Stored items:

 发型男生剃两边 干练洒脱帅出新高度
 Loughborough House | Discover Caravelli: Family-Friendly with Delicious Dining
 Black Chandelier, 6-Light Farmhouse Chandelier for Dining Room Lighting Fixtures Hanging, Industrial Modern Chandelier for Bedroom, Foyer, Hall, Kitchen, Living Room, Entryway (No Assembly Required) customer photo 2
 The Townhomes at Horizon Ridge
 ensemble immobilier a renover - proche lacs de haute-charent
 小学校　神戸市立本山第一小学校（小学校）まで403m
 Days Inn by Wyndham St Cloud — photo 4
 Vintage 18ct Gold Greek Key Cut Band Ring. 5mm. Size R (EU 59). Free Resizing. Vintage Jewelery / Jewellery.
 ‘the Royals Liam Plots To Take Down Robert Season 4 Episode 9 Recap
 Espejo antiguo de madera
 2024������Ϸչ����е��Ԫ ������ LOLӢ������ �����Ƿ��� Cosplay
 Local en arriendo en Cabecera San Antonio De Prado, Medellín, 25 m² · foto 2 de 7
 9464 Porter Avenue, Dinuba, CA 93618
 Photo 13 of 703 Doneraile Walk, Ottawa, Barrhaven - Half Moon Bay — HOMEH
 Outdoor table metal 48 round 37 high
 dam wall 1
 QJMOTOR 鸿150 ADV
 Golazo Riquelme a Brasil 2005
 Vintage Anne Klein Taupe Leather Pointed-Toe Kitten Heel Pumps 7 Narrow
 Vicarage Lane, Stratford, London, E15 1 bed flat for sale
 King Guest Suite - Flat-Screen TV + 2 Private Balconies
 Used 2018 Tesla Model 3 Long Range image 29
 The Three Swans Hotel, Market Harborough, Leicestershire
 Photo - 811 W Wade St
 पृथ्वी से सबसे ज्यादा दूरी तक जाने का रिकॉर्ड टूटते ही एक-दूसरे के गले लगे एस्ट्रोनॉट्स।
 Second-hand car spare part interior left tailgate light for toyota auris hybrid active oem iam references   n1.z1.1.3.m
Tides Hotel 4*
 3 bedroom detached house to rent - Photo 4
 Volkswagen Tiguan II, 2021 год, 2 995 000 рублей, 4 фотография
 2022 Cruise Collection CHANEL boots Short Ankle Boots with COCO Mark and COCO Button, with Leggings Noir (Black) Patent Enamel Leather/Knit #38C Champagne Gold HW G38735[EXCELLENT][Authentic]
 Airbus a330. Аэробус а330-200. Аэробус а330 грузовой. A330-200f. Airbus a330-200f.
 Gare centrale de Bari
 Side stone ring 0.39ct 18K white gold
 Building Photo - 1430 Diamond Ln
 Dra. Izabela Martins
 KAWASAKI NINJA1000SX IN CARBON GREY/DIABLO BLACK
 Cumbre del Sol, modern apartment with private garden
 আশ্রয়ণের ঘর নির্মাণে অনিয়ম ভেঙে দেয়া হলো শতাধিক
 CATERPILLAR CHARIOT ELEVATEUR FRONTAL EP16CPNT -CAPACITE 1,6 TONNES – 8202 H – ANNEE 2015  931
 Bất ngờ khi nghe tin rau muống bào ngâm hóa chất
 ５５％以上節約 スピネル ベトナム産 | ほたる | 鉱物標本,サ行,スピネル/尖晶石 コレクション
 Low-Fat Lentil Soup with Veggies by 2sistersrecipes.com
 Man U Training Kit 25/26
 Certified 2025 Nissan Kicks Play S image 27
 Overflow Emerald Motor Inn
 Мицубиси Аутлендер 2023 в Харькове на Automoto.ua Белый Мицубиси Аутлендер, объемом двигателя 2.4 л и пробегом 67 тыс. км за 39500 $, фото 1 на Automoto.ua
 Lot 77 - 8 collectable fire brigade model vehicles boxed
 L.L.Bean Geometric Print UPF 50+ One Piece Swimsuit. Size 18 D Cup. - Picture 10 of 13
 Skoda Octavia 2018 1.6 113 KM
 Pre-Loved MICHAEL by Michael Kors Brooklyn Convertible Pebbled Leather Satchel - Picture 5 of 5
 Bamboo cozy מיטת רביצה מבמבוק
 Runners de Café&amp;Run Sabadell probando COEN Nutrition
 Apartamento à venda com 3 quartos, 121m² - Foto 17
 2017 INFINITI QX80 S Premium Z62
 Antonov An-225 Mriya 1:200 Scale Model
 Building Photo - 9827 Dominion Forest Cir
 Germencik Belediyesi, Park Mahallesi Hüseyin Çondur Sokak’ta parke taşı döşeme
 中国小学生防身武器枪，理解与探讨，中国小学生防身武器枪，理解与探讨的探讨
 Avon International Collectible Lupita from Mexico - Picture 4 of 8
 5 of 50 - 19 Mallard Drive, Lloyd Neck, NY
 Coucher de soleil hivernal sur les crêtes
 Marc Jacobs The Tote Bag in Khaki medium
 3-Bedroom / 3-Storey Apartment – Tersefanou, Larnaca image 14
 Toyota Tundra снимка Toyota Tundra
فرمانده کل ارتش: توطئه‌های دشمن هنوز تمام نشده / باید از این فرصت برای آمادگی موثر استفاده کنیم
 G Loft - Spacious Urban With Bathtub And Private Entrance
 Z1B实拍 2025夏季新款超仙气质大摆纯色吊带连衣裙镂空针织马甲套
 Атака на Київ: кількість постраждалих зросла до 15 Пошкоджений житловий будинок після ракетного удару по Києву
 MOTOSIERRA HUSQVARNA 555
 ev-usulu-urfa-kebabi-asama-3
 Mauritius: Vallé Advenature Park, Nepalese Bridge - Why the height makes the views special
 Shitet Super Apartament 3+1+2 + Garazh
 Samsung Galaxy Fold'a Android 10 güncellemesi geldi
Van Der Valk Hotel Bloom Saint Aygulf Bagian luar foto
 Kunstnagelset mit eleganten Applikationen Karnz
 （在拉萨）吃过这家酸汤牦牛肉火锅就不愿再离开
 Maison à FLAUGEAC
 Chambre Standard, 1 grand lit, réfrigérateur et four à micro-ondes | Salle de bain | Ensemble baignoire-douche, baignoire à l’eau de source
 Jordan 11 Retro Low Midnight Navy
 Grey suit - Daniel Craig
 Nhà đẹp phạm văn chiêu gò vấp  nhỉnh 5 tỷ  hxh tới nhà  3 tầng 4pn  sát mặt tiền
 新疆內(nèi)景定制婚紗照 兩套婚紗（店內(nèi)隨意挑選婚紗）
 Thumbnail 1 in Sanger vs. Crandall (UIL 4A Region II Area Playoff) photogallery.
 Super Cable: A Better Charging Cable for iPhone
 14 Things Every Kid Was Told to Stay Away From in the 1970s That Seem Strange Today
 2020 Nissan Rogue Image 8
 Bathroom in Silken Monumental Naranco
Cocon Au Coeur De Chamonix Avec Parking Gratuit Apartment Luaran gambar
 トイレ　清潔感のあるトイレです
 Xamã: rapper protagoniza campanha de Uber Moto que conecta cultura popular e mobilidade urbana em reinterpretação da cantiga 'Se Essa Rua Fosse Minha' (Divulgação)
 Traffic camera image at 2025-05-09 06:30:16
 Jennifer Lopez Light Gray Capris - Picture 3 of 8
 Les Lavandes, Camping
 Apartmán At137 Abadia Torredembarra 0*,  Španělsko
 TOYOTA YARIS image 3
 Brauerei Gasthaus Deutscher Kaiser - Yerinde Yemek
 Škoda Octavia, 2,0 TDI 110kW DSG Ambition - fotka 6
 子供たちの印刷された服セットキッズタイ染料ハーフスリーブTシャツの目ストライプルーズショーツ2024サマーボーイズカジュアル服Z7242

REQUIREMENT | When the line with "Espejo antiguo de madera" is reached in the data above, begin copying, and stop after the line with "Volkswagen Tiguan II, 2021"; copy each line exactly, both ends included.

RESULT FOR THIS EXERCISE |
 Espejo antiguo de madera
 2024������Ϸչ����е��Ԫ ������ LOLӢ������ �����Ƿ��� Cosplay
 Local en arriendo en Cabecera San Antonio De Prado, Medellín, 25 m² · foto 2 de 7
 9464 Porter Avenue, Dinuba, CA 93618
 Photo 13 of 703 Doneraile Walk, Ottawa, Barrhaven - Half Moon Bay — HOMEH
 Outdoor table metal 48 round 37 high
 dam wall 1
 QJMOTOR 鸿150 ADV
 Golazo Riquelme a Brasil 2005
 Vintage Anne Klein Taupe Leather Pointed-Toe Kitten Heel Pumps 7 Narrow
 Vicarage Lane, Stratford, London, E15 1 bed flat for sale
 King Guest Suite - Flat-Screen TV + 2 Private Balconies
 Used 2018 Tesla Model 3 Long Range image 29
 The Three Swans Hotel, Market Harborough, Leicestershire
 Photo - 811 W Wade St
 पृथ्वी से सबसे ज्यादा दूरी तक जाने का रिकॉर्ड टूटते ही एक-दूसरे के गले लगे एस्ट्रोनॉट्स।
 Second-hand car spare part interior left tailgate light for toyota auris hybrid active oem iam references   n1.z1.1.3.m
Tides Hotel 4*
 3 bedroom detached house to rent - Photo 4
 Volkswagen Tiguan II, 2021 год, 2 995 000 рублей, 4 фотография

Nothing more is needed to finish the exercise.